Wer starrt wen an? Das Exil mich oder ich das Exil? Ich bemühe mich oft, das Wort "Exil" in meiner Sprache wegzulassen, weil es einfach fürchterlich tönt. Und ich will nicht, dass dieses Wort sich auf meinen Wegen festsetzt. Ich lebe meistens gut gelaunt, kommuniziere gerne mit Leuten und rede manchmal über Dinge, die sie vielleicht mit keinem Wort erwähnen würden.
Ich lache, koche mit Lust und schreibe in Cafés, Zügen und öffentlichen Bibliotheken. Trotzdem greift mich dieses Wort manchmal an und macht mit meiner Seele dasselbe, wie ein Sturm mit einem alten Holzhaus: Er kommt rasant, zerstört alles und verlässt es wieder.
Wie oft führen mich meine Füße zu Orten, an denen ich vorher nie war. Ich gehe und betrachte mein Leben schweigend. Wie jemand, der auf einer alten Landkarte nach einer Wassermühle sucht, versuche ich, den Augenblick, den ich an einem Ort in Bagdad hinter mir ließ, wiederzufinden. Ich erinnere mich an Freunde, ihr Lachen, ihre Gespräche und beginne, die irakische Landkarte mit ihren Worten zu weben. Wo sind sie jetzt? Wer ist von ihnen noch geblieben?
Das Wort "Ankommen" verschwindet nicht
Ich erinnere mich an eine Geschichte, die mir meine Großmutter erzählte, in der ein Vater seinen Sohn aufforderte, einen Stein nach den Rispen einer Palme zu werfen: "Hast du gesehen, was diese Palme gemacht hat? Wir haben sie mit einem Stein beworfen, und sie hat uns mit frischen Datteln geantwortet. So ist die Heimat! Sie kann immer etwas Gutes geben, auch wenn wir manchmal Steine nach ihr werfen."

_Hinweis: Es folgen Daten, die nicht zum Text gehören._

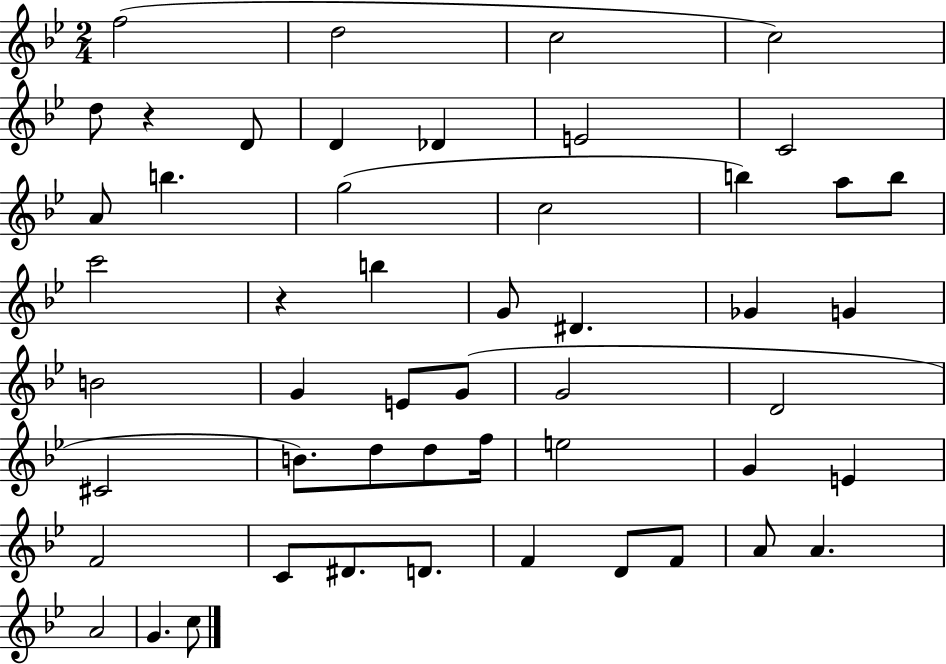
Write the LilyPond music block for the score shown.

Es gibt für mich nichts Anstrengenderes, als die Liebe zur Heimat zu erklären. Ich sehne mich nach dieser Süße, obwohl ich sehr gern an einem Ort lebe, an dem ich von vielen Bäumen umringt bin und deren Früchte mir so nah sind, dass ich keinen Stein dafür brauche. Ich bin sehr gut integriert, verstehe den schweizerdeutschen Dialekt, liebe meine Arbeit und kann jetzt über Schweizer Witze lachen. Das Wort "Ankommen" begegnet mir fast jeden Tag. Es gleitet geschickt an mir vorbei, manchmal glänzend und verziert wie eine Wüstenschlange an einem sonnigen Tag.

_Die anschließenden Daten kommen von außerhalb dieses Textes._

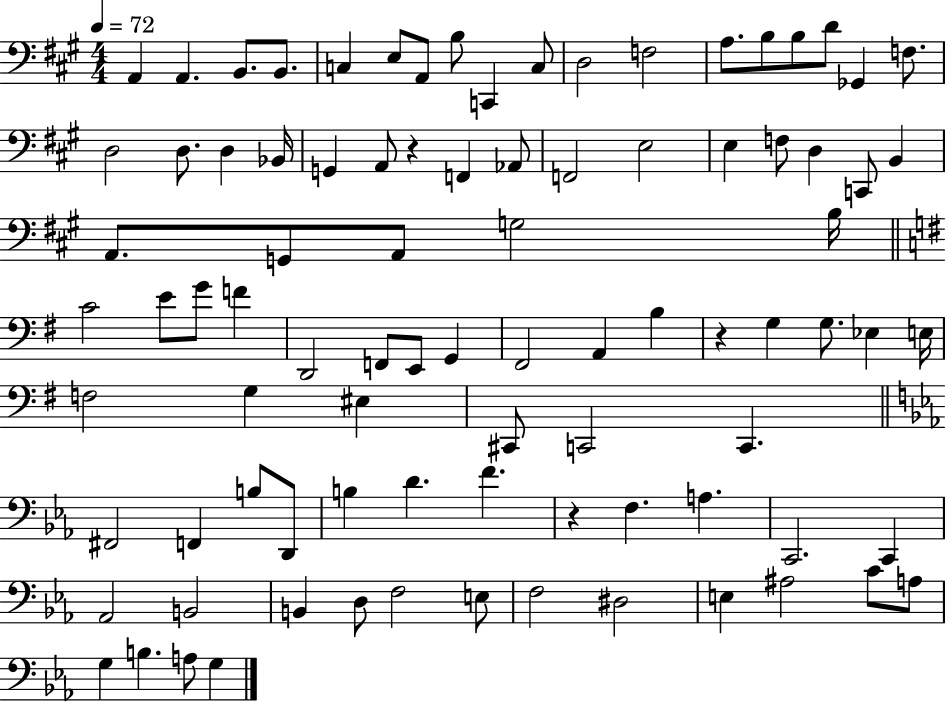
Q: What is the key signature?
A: A major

Ab wann ist man integriert?
"Was ist von dieser Süße auf meiner Zunge geblieben?", frage ich mich. Kurz nach meiner Ankunft in der Schweiz vor etwa 20 Jahren hörte ich Migranten reden: "Man ist integriert, wenn es einem gelingt, die Leute nachzuahmen: Ihren Kleidungsstil, ihre Interessen, Lügen, wie sie ihren Kaffee trinken, wie sie jammern und einander beschimpfen, ohne dass man als schlechter Schauspieler erscheint."
Nach einiger Zeit überlegte ich mir, dass "integriert sein" vielleicht bedeutet, mit der Frage der Heimat endgültig abzuschließen? Wie wenn jemand einen Kaugummi aus dem Mund nimmt, weil er seinen Geschmack verloren hat.

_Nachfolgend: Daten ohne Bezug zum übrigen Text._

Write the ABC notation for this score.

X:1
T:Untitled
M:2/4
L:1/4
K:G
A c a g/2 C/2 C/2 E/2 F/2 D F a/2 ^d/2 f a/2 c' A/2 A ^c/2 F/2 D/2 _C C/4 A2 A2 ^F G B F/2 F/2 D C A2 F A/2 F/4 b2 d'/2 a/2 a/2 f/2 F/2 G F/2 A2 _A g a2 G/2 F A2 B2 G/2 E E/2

Jetzt denke ich bei "Ankommen" an etwas anderes. Es ähnelt einem Sprung ins Leere oder einer Fortbewegung zwischen Fallen und Fliegen. Ich wundere mich, in welchem sprachlichen Geist sich das Wort besser verstehen lässt. Auf Deutsch oder Arabisch? In beiden Sprachen bleibt es rätselhaft. Schließlich bedeutet Ankommen, dass man die Heimat und ihren Widerspruch unter einen Hut bringt.
Ich habe mehrere Bücher auf Deutsch geschrieben und fühle mich in meinem Beruf als Schriftsteller sehr wohl. Trotzdem erlebe ich manchmal schwierige Situationen, in denen ich das Gefühl habe, als Flüchtling eingeordnet zu werden. Das stört mich, weil mein Fluchthintergrund meine anderen Identitäten unangenehm bedeckt. Ich bin Vater, Ehemann, Schriftsteller, und ich darf viele andere Aktivitäten pflegen. Denn ich bin ein Mensch und ich lebe in der Schweiz.